Google's XSS Vulnerability

21 Dec 2005

The recent cross-site scripting (XSS) vulnerability discovered in Google perfectly illustrates why character encoding matters. This example demonstrates how to use PHP's htmlentities() function with the optional third argument that indicates the character encoding:

  1. <?php
  2.  
  3. $html = array();
  4.  
  5. $html['username'] = htmlentities($clean['username'],
  6.                                  ENT_QUOTES,
  7.                                  'UTF-8');
  8.  
  9. echo "<p>Welcome back, {$html['username']}.</p>";
  10.  
  11. ?>

The example uses UTF-8, so this should be indicated in the Content-Type header:

  1. Content-Type: text/html; charset=UTF-8

Researchers at Watchfire realized that Google does not indicate the character encoding. They also realized that you can visit a URL such as the following to get data that you send returned in the content of the response:

http://google.com/url?EVIL

You will see the following:

Forbidden

Your client does not have permission to get URL /url?EVIL from this server.
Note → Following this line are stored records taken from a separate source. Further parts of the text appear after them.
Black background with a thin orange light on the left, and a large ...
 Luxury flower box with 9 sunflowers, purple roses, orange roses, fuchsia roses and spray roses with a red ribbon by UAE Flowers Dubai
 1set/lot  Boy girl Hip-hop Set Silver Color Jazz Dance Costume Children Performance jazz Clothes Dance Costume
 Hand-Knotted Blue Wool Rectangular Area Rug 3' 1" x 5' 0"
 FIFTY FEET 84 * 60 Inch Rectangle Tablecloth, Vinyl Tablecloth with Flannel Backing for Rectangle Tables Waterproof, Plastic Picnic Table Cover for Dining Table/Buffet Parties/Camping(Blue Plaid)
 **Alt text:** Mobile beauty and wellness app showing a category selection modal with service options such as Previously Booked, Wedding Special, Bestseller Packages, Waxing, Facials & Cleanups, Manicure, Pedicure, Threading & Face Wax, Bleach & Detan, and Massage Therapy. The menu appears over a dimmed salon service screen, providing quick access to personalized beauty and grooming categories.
Google fails to handle malicious attacks that use UTF-7, so all an attacker must do is target a browser that will interpret Google's response as a UTF-7 resource. Because Google does not indicate the character encoding in its Content-Type entity header, this is possible.

Unfortunately for Internet Explorer users (and Google), there is an auto select option for encoding that, if set, will interpret a resource as UTF-7 if it finds a UTF-7 character in the first 4096 bytes. Because Google's response is so small, the danger is clear.

The moral of the story is that you should always ensure character encoding consistency between your escaping function and the remote system to which you're sending data. In other words, specify the character encoding in htmlentities(), use mysql_real_escape_string() (which handles this for you), etc.

Google corrected this flaw earlier this month.